The law goes into effect Jan. 1 and is expected to affect some 6.2 million public school students in kindergarten to 12th grade.
“We are grateful to Gov. Brown for his long-standing commitment to ensuring that all California students are able to attend school without discrimination or harassment. By signing AB 1266, he has made that commitment real for transgender students, who will now have the same opportunities to participate and to succeed as other students,” said Shannon Minter, legal director of the National Center for Lesbian Rights (NCLR) and a female-to-male transgendered man.
Mr.
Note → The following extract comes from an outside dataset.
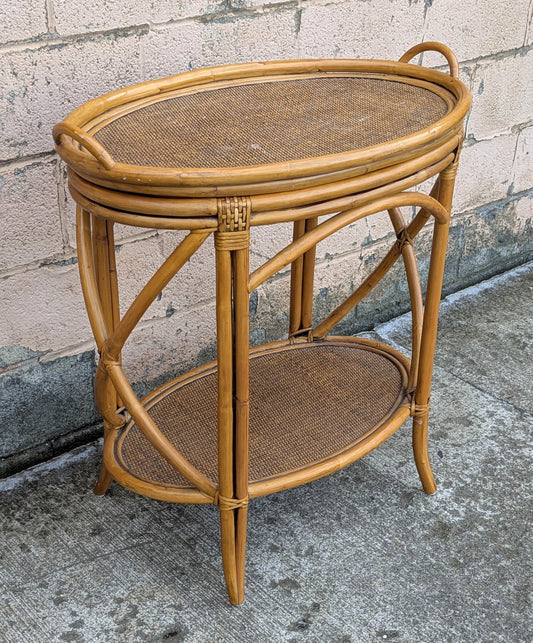 Oval Vintage Old MCM Mid Century Modern Bent Bamboo Wood Wooden 2 Tier End Accent Side Serving Tray Butler Table Rattan Seagrass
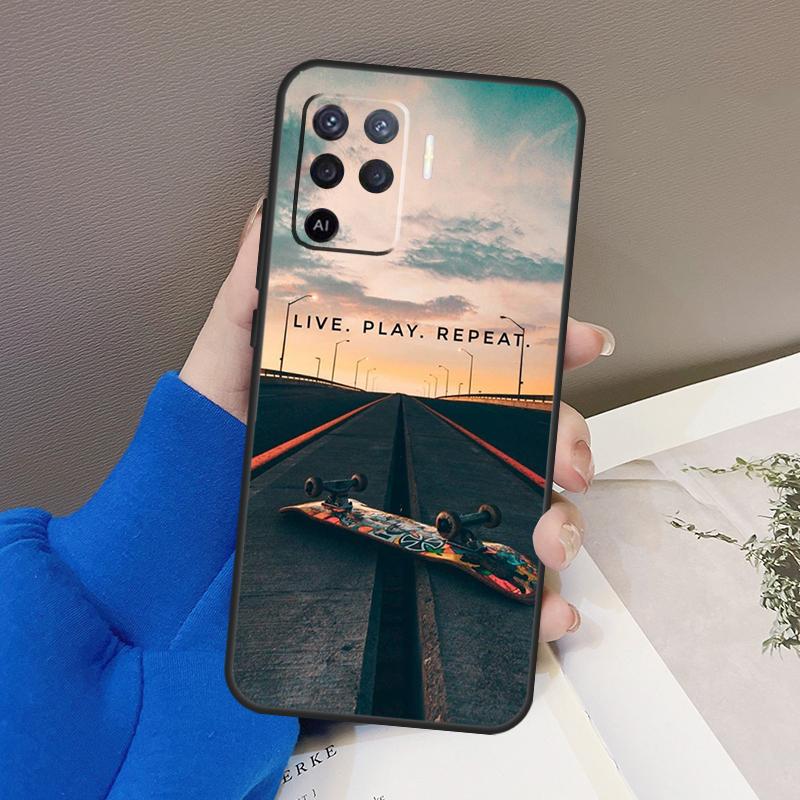 Крутой чехол-скейтборд для Oppo A76 A16 A96 A17 A18 A60 A80 A40 A38 A58 A78 A98 A94 A74 A54 A15 A57 A77 A5 Pro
Brown has “sent a powerful message” to youths “letting them know their state and their government fully support them,” Equality California, Transgender Law Center, the American Civil Liberties of California and the NCLR said in a joint statement.
California laws already prohibit discrimination against transgendered people in areas such as education, and several California school districts were honoring the wishes of transgendered students.
But the School Success and Opportunity Act was needed to ensure that all public school officials cooperate with transgender children in their choices of bathrooms and sex-specific activities, its author said.
Many school districts were not treating transgender students “the same as all other students in the specific areas addressed by this bill,” California Assemblyman Tom Ammiano, a Democrat, said when he introduced AB 1266 with support from the Transgender Law Center and other gay-rights groups.
Under the law, public school students from kindergarten to 12th grade must be “permitted to participate in sex-segregated school programs and activities, including athletic teams and competitions, and use facilities consistent with his or her gender identity, irrespective of the gender listed on the pupil’s records.”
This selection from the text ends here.